Of course, the journey is the focus but what makes the book special are the meditations on Klink’s motivations and meticulous preparations. Sometimes the expedition seems nothing more than the culmination of childhood curiosity developed exploring the mountains and islands around Paraty, a colonial town on the coast between Rio and São Paulo; one of the book’s most memorable sections tells the story of a 12-year-old Amyr going hiking with a friend and coming across a previously unknown quilombo (a village originally of escaped slaves that still exist in parts of Brazil).
This curiosity mixes with a strong influence from the maritime themes that permeate Portuguese literature: for example, while describing the currents that determined his route, Klink quotes Fernando Pessoa, the greatest modern Portuguese poet, and then goes on to say that his route is fundamentally the one followed by Portugal’s 15th-century navigators and mentioned in Camões’ Lusiads, the seminal work of Portuguese literature. After all, the currents used by Vasco de Gama, Diogo Cão, Pedro Álvares Cabral and other Portuguese navigators haven’t changed.

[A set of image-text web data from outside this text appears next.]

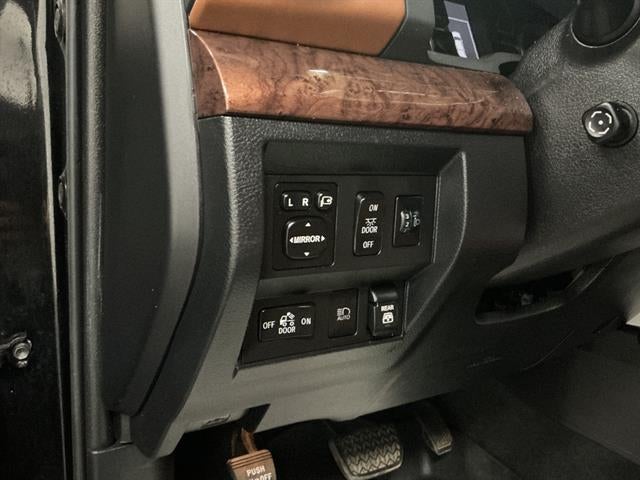 2021 Toyota Tundra 4WD Platinum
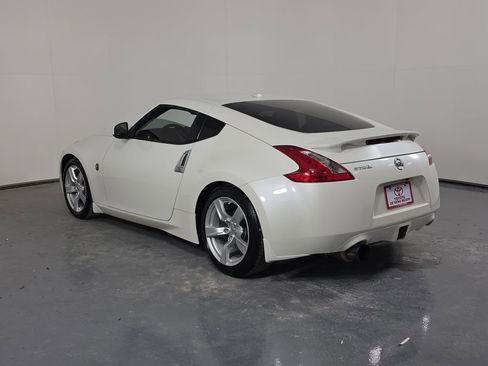 Used 2011 Nissan 370Z Touring RWD image 4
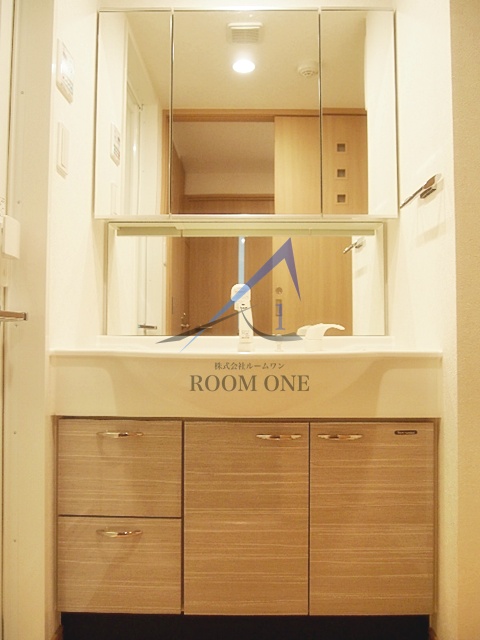 洗面設備　独立洗面台です。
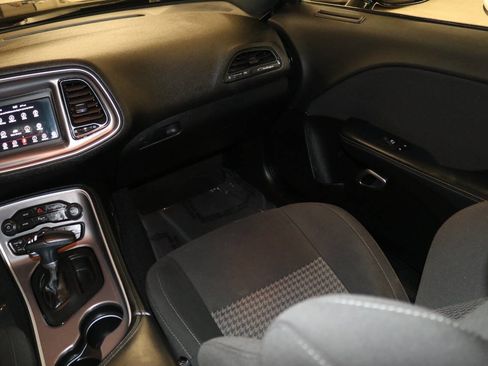 Used 2022 Dodge Challenger GT w/ Driver Convenience Group image 17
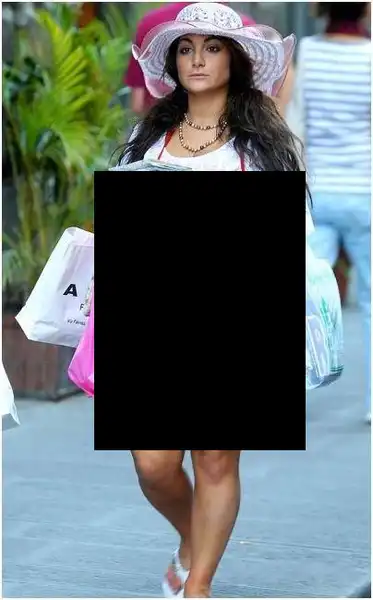 Нормальное такое платье)))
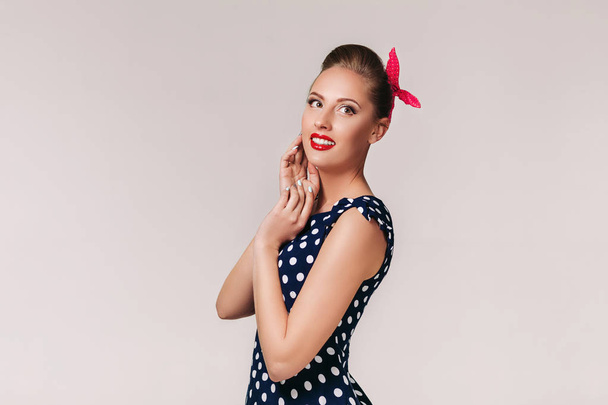 Portret van pin-up vrouw in polka dot jurk. - Foto, afbeelding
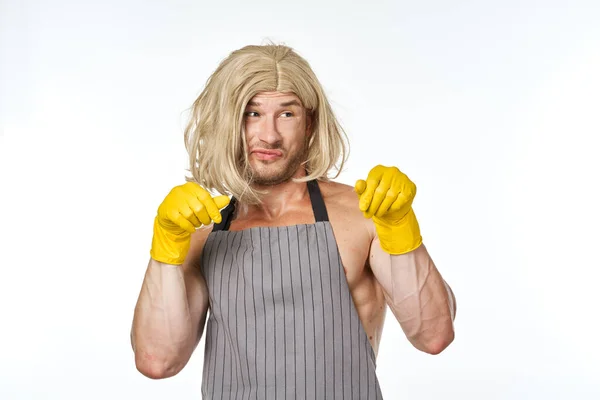 Man in geel rubber handschoenen in een womans pruik schoonmaken poseren — Stockfoto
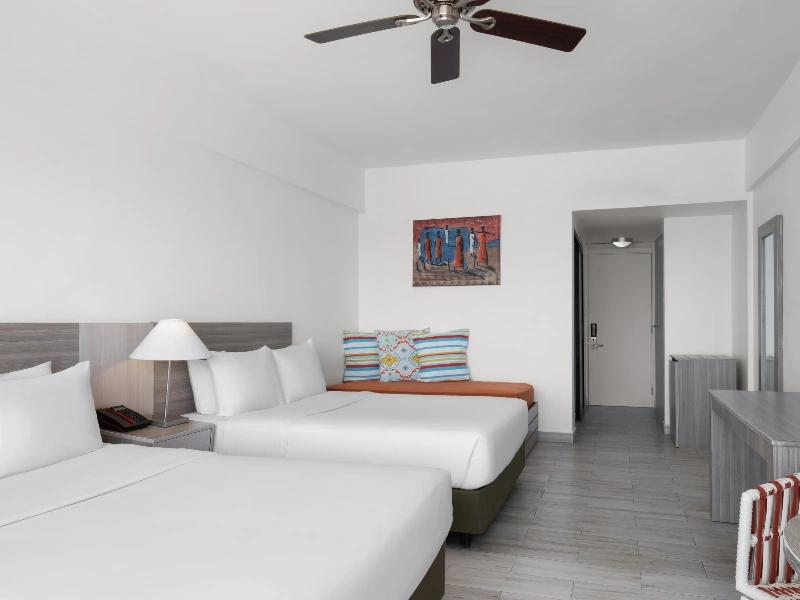 Habitación con Vista al Mar Grand Decameron Cornwall Beach, A Trademark All Inclusive Montego Bay Habitación con Vista al Mar Grand Decameron Cornwall Beach, A Trademark All Inclusive Montego Bay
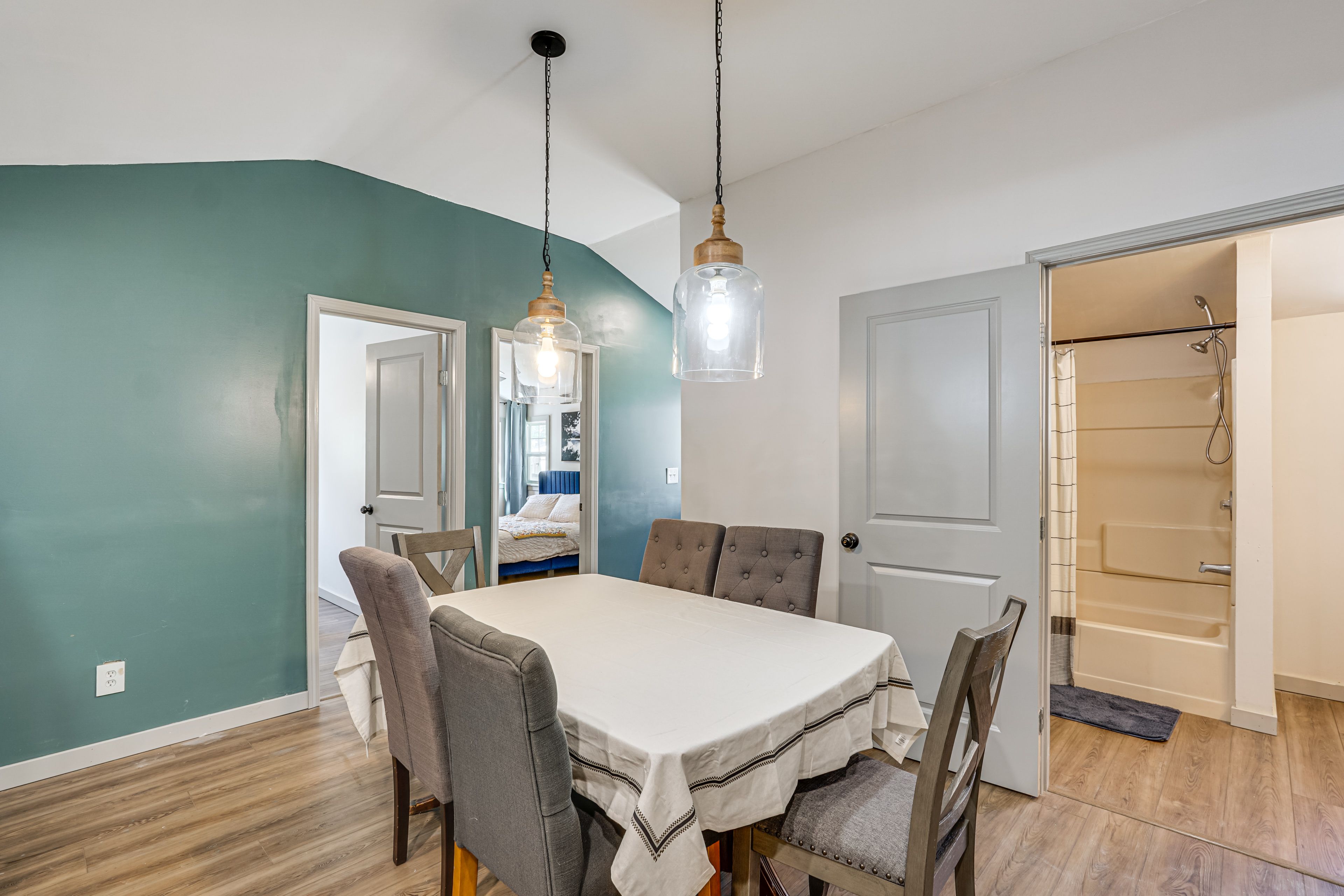 Dining Space | Dishware/Flatware | Step-Free Access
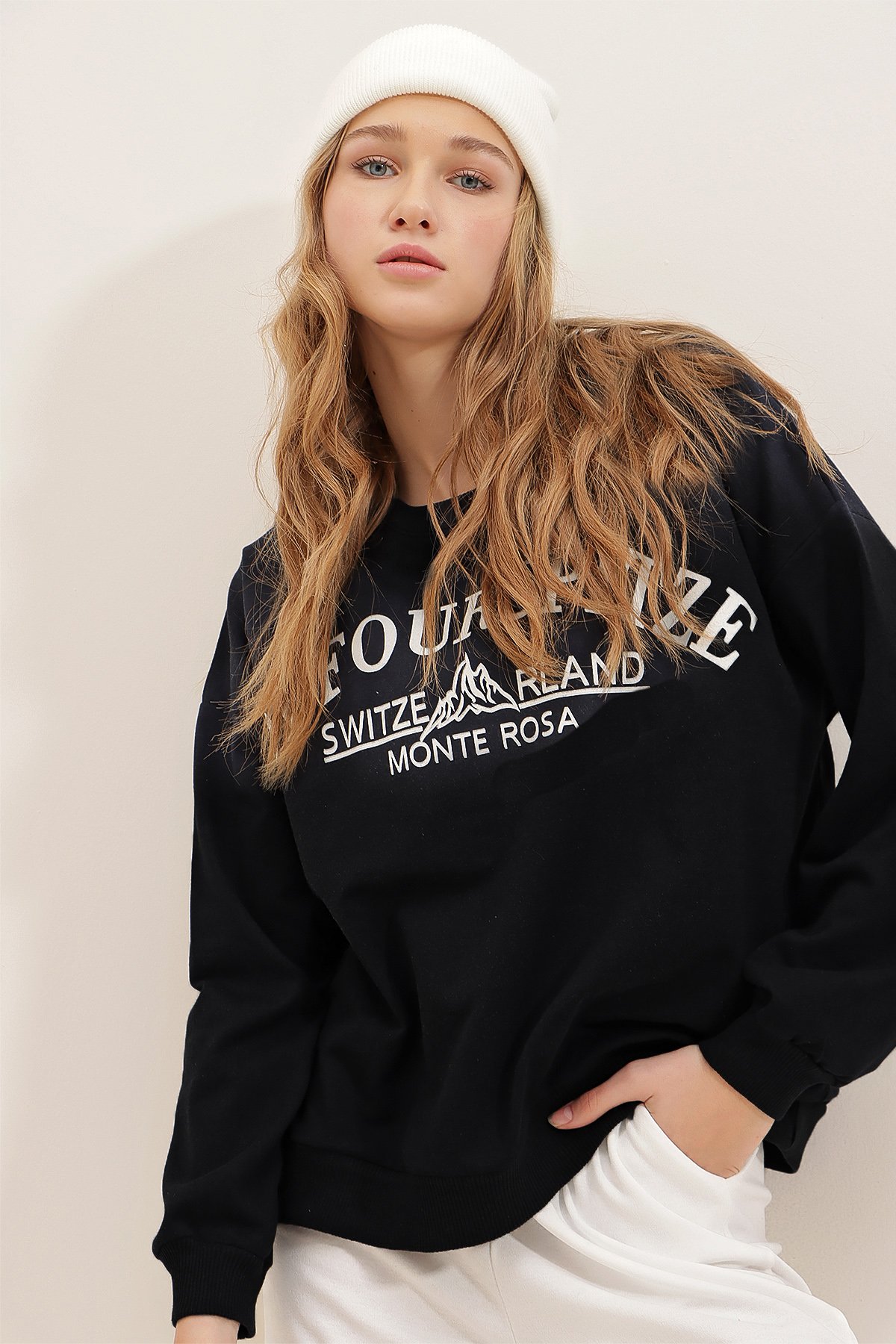 Bisiklet Yaka Yazı Baskılı Oversize Sweatshirt - Siyah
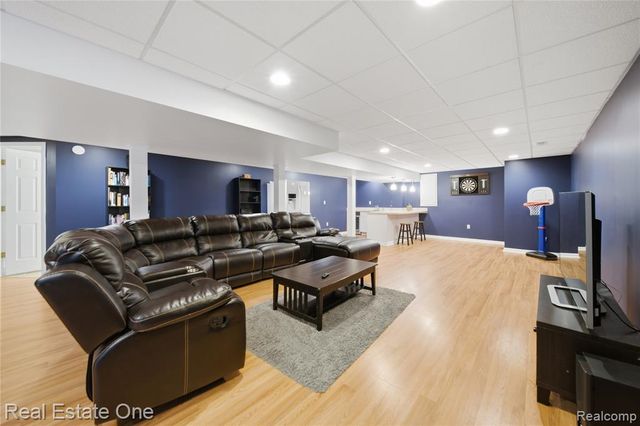 4095 Falmouth Lane, Howell, MI 48843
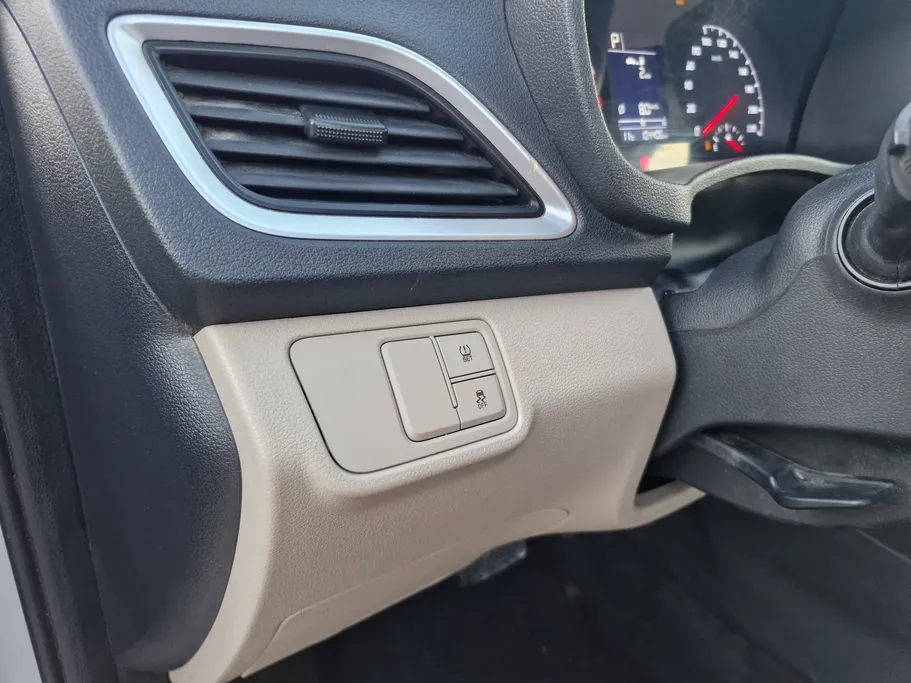 2023 Hyundai Accent Smart 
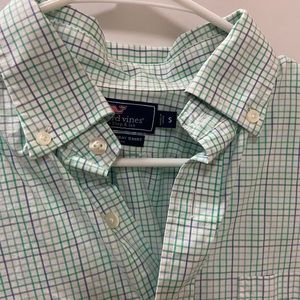 Vineyard Vines mens small button down.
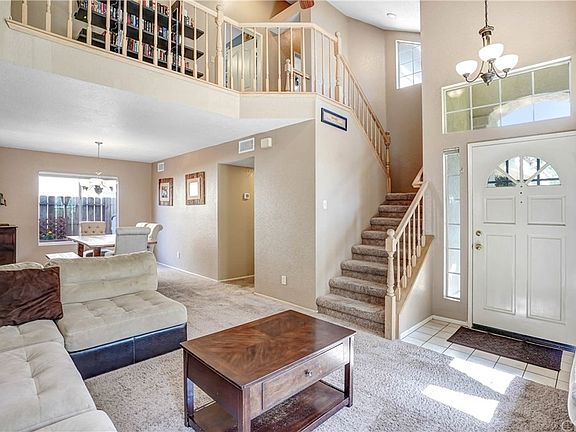 3rd image of 30577 Lake Pointe Dr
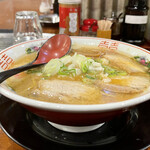 豚まるラーメン - 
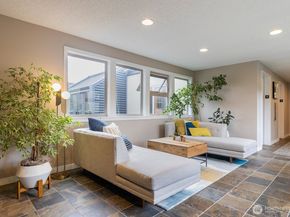 275 W Roy Street 109, Seattle WA 98119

Reading the book in the GPS age, though, parts of the book seem like a historical artefact as the on-board navigation tools amount to sextants, chronometers, astronomical calculators and trigonometry; and if it was cloudy at midday, then he couldn’t be sure of where he was. His encounters with dolphins, a crèche of whales, dorados and sharks would likely be much the same today, although who knows for how much longer given the state of the world’s oceans.
Surprisingly, there are no photos—Klink’s camera stays in Namibia after an accident—and the book clocks in at 150 pages. Rather than falling into the trap of a diary format, the chapters are chronologically structured around events and Klink’s own elastic notion of time that was either “so exact as to feel every tenth of a second of every hour or so vague that centuries would mean nothing”. And ultimately, conciseness and a lack of photos allow Klink’s strengths as a storyteller to come to the fore.